- Exercise details
An exact copy of every entry is the answer here, with no pictures.

Collected data entries:
>>>>

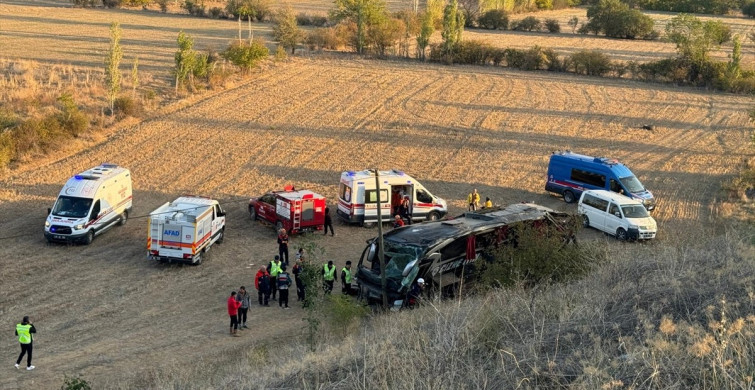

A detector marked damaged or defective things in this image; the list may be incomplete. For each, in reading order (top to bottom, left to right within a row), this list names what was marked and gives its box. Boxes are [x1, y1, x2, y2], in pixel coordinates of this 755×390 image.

overturned bus [354, 203, 572, 306]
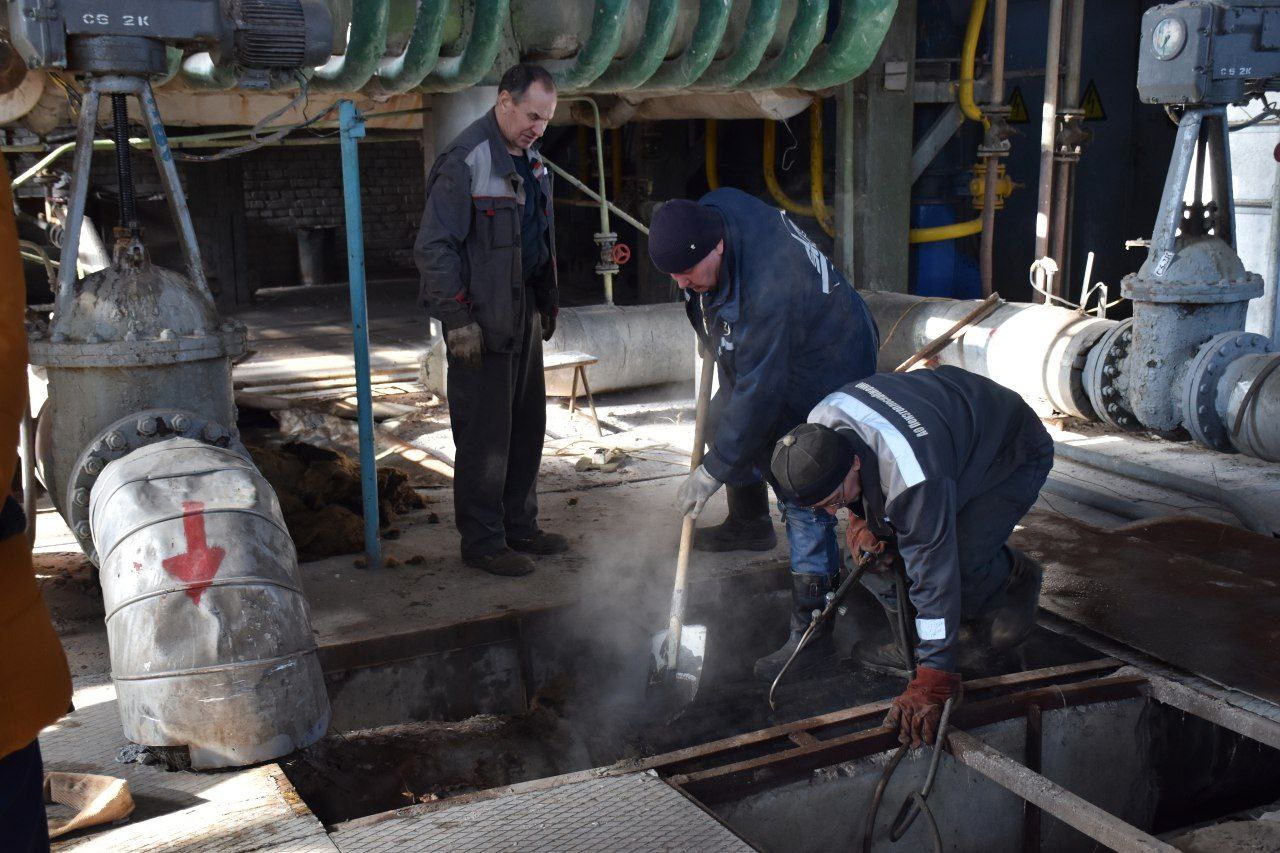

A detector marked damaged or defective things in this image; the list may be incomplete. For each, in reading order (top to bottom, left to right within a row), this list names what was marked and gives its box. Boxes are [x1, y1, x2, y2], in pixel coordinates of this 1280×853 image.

rusty metal sheet [1013, 504, 1280, 701]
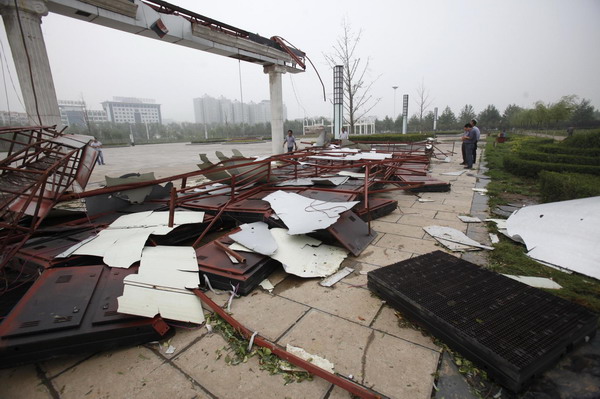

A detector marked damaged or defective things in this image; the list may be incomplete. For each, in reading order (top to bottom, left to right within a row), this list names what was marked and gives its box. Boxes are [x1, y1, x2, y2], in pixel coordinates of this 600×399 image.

broken roof panel [262, 191, 356, 234]
broken roof panel [506, 198, 600, 280]
rusted metal edge [190, 290, 382, 398]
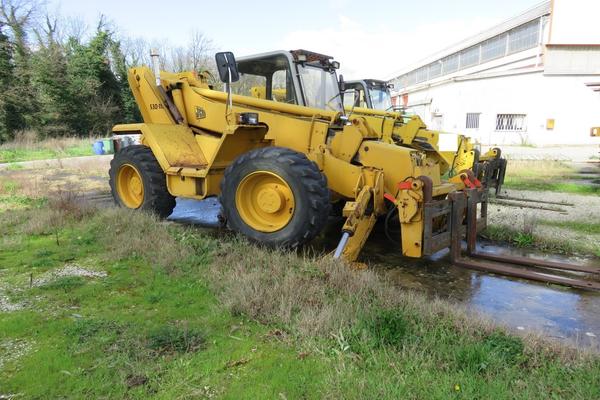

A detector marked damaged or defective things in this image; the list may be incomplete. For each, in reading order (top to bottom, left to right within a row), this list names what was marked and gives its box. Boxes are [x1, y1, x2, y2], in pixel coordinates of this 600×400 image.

rusty metal [446, 186, 600, 292]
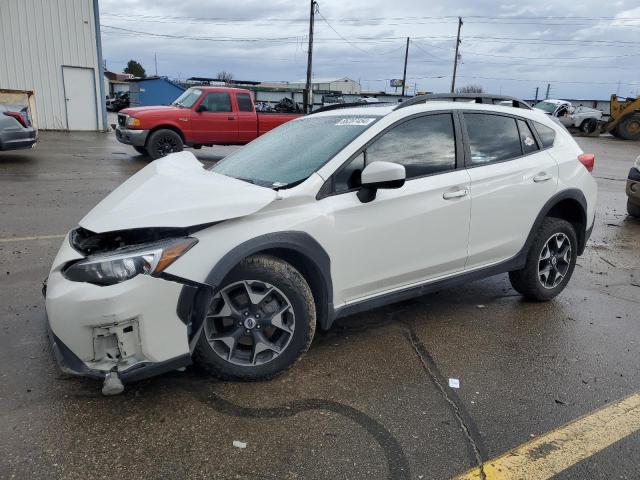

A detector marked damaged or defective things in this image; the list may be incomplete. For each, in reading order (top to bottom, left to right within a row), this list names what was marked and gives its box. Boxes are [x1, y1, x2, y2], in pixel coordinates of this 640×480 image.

crumpled hood [79, 150, 276, 232]
exposed headlight assembly [64, 236, 198, 284]
front bumper damage [44, 234, 192, 384]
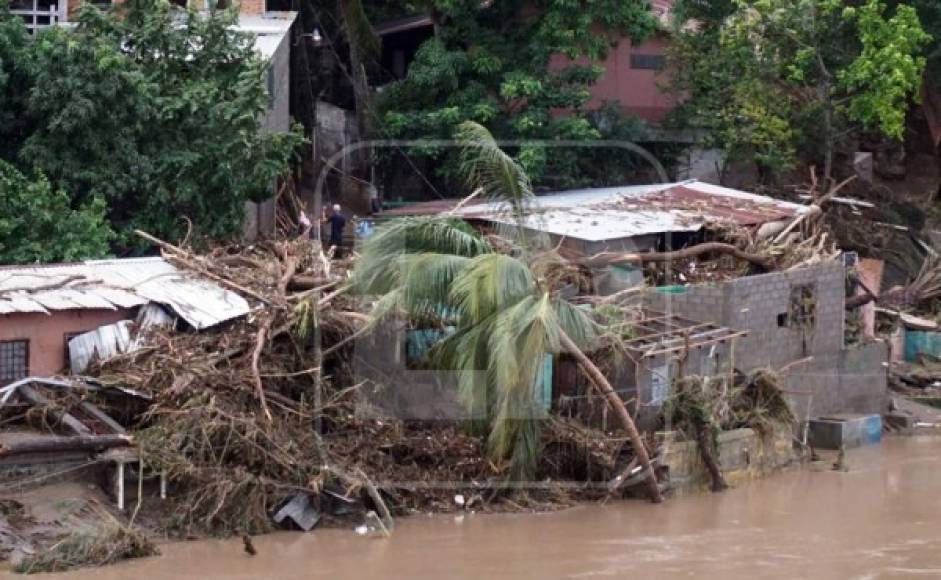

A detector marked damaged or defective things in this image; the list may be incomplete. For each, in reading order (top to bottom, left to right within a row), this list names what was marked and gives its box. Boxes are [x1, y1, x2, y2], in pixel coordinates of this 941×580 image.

rusted metal roof sheet [384, 182, 808, 244]
rusted metal roof sheet [0, 258, 250, 328]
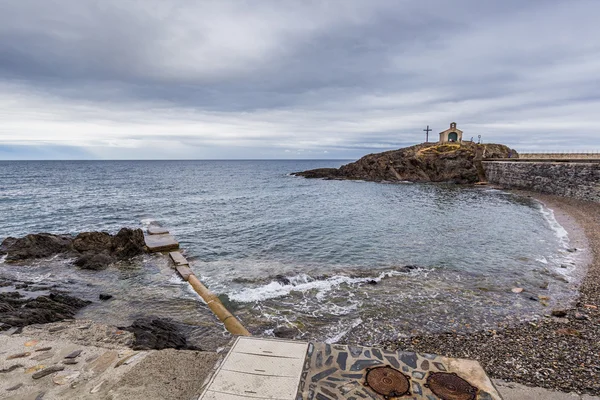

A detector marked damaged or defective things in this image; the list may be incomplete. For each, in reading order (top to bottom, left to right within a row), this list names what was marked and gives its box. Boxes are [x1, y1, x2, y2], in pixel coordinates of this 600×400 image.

rusty metal disc [364, 368, 410, 398]
rusty metal disc [424, 372, 480, 400]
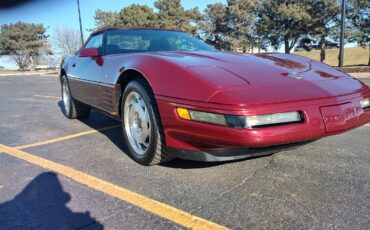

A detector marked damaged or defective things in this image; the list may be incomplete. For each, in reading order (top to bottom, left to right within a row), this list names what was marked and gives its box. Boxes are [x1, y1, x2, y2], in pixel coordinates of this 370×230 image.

crack in pavement [220, 154, 274, 197]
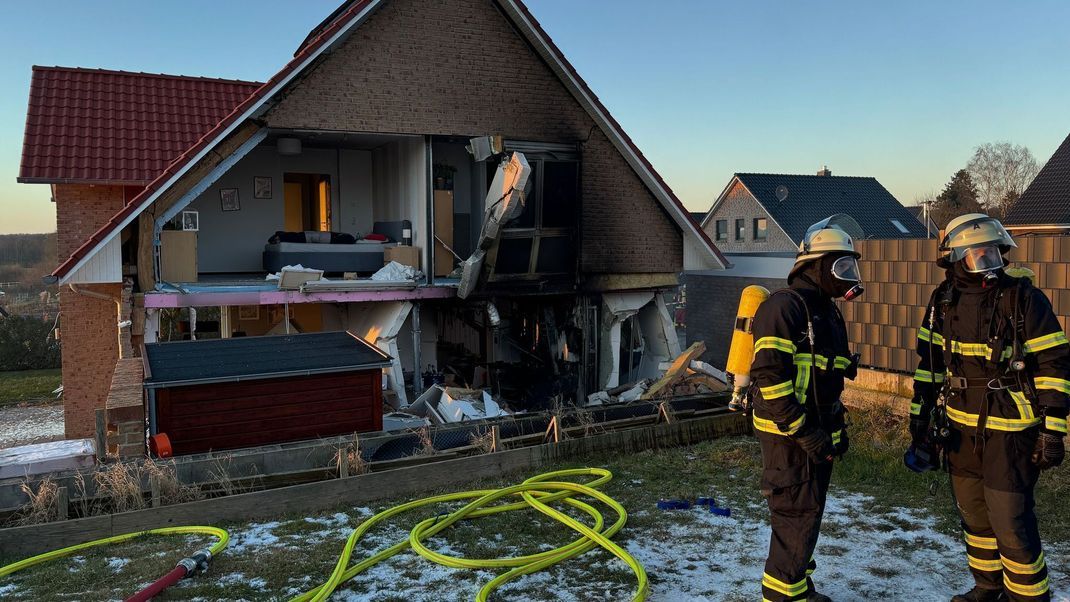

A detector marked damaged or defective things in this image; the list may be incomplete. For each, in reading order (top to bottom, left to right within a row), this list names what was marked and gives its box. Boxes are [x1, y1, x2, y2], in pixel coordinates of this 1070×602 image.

<<<<

- Problem solution
A detector marked damaged or defective things in this image; the list may be incomplete. For each, in reading order (top to bottom, left to right within a row), this list names what was marked and gives its box. Boxes are [x1, y1, x2, y2], in pixel coordinates of this 755×390 image.

overturned bus [354, 203, 572, 306]

A detector marked damaged or defective things in this image; the list may be incomplete. For each, in reading order (top to bottom, left to right within a row), this list names what was marked and gives its box. Boxes are [x1, y1, x2, y2], in pixel coordinates of this 1280×853 image.

rusty metal sheet [1013, 504, 1280, 701]

A detector marked damaged or defective things in this image; the list may be incomplete. For each, in reading order (top to bottom, left to right within a row), this list names what was marked and gives its box. Boxes are [x1, y1, x2, y2], in pixel coordinates of this 600×399 image.

broken roof panel [262, 191, 356, 234]
broken roof panel [506, 198, 600, 280]
rusted metal edge [190, 290, 382, 398]

A detector marked damaged or defective things in this image; the list may be incomplete. For each, in reading order (top to bottom, left to right within a row), this list names what was marked and gives its box. Boxes are [x1, y1, x2, y2], in pixel coordinates of this 600×400 image.

rusty metal [446, 186, 600, 292]

A detector marked damaged or defective things in this image; the list may be incomplete. For each, in reading order (top to bottom, left to right within a row), this list names what was marked and gives its box. Boxes are [x1, y1, x2, y2], in pixel coordinates of this 640×480 image.

crumpled hood [79, 150, 276, 232]
exposed headlight assembly [64, 236, 198, 284]
front bumper damage [44, 234, 192, 384]

A detector marked damaged or defective things in this image; the list may be incomplete. For each, in reading order (top to bottom, left to right within a row), this list names what was marked and gives its box. Boxes are [x1, y1, x2, y2], in pixel coordinates of this 941×580 image.

rusted metal roof sheet [384, 182, 808, 244]
rusted metal roof sheet [0, 258, 250, 328]

A detector marked damaged or defective things in this image; the list may be incomplete. For each, in reading order (top to bottom, left to right within a row), this list names what was marked and gives its box. Boxes are [x1, y1, x2, y2], in pixel coordinates of this 600×400 image.

rusty metal disc [364, 368, 410, 398]
rusty metal disc [424, 372, 480, 400]

A detector marked damaged or defective things in this image; the list may be incomplete. For each, in reading order (top to bottom, left to right within a row), this list names what was marked and gives its box. Boxes are [x1, y1, x2, y2], in pixel coordinates of this 370×230 image.

crack in pavement [220, 154, 274, 197]

A detector marked damaged or defective things in this image; the list may be incomplete. For each, in reading order (top to bottom, left to right within a row), this list names what was marked and gives its box. Boxes are [x1, y1, x2, y2], in pixel coordinates of this 1070×602 image.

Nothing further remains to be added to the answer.